In the laboratory we are developing a new concept of conversational language understanding (CLU) as a new unique approach that develops the idea that verbal and nonverbal conversational cues are complementary, and equally important in conversation. Key research activities are focused on understanding and modeling conversational language in human-to-human interactions. In the field of natural language processing and understanding of spoken language, gesture and non-verbal communication, as well as the ability to express information not only through words, begin to play an important role in human-machine interaction. It has become clear that the integration of such signals is a key direction in identifying a more personal aspect of user inputs and how device responses can be presented to people. In direct interaction, non-verbal signals transmitted along with spoken content (or even in the absence of it) are crucial for establishing cohesion in the discourse. In the laboratory, we are developing new fusion-based models as well as artificial intelligence (AI)-based algorithms that will be able to generate in-depth understanding in cognitive interplay with communicative intent as a central core in human interaction. The algorithms are based on deep learning techniques.

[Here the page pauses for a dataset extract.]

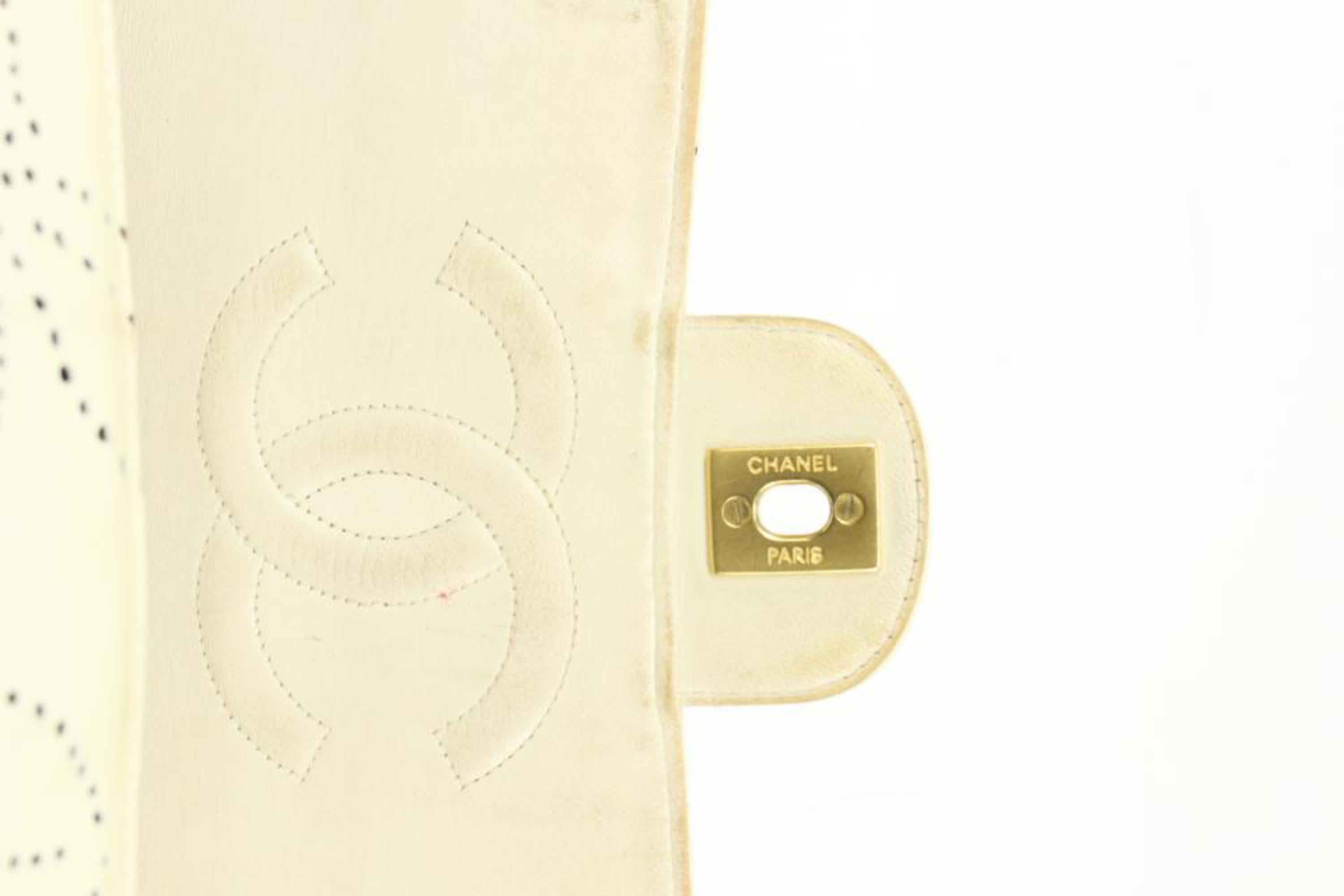 Chanel 2003 Cream Camelia Perforated Patent Medium Classic Flap GHW Fl41ck73 6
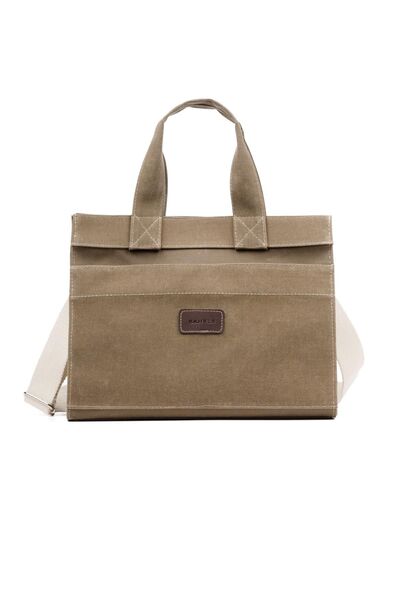 BAHELS Waxed Canvas Shoulder Bag - With Cookie Washing Effect Strap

In the field of conversational agents, straightforwardness and the ability to interact with the interlocutor are one of the driving factors for user experience in IoT environments. Advanced emotional interaction plays an increasingly important role in human-machine interaction, also due to the increasingly complex systems in the environment. Laboratory research thus encompasses the synthesis and emulation of natural human-machine interaction. Research covers all components involved in human interaction (or conversation), and in this respect the development of such conversational behavior that will mimic the complete life cycle of human interaction. It generally involves receiving multimodal input, understanding information and planning response, and delivering information in the form of multimodal output. The spoken language is most often accompanied by mimicry, gestures, prosody, that is, in a multimodal dimension, to which we pay additional attention and consequently develop the necessary language resources and linguistic and technological tools for the Slovenian language.
In the field of human-machine interaction, research in the laboratory extends to new mobile technologies and applications for sensing the broader context of the user based on heterogeneous sensor systems and data fusion in the Internet of Things concept. Research in this area is focused on new concepts, methods and approaches for heterogeneous wearable sensor systems based on smart embedded systems that enable low-energy wireless communications technologies to integrate seamlessly with mobile devices and cloud services through the concept of Internet of Things and data fusion based on analytics over a large amount of data. Digital Signal Processing Laboratory has expertise in natural speech processing and generation (NLP, NLG, SLU, ECA, TTS, ASR), audio-visual signal processing and classification (gender classification, emotion, mood detection), user experience and quality of experience, machine learning and artificial intelligence (including deep learning), intelligent IoT environments and supportive living environments.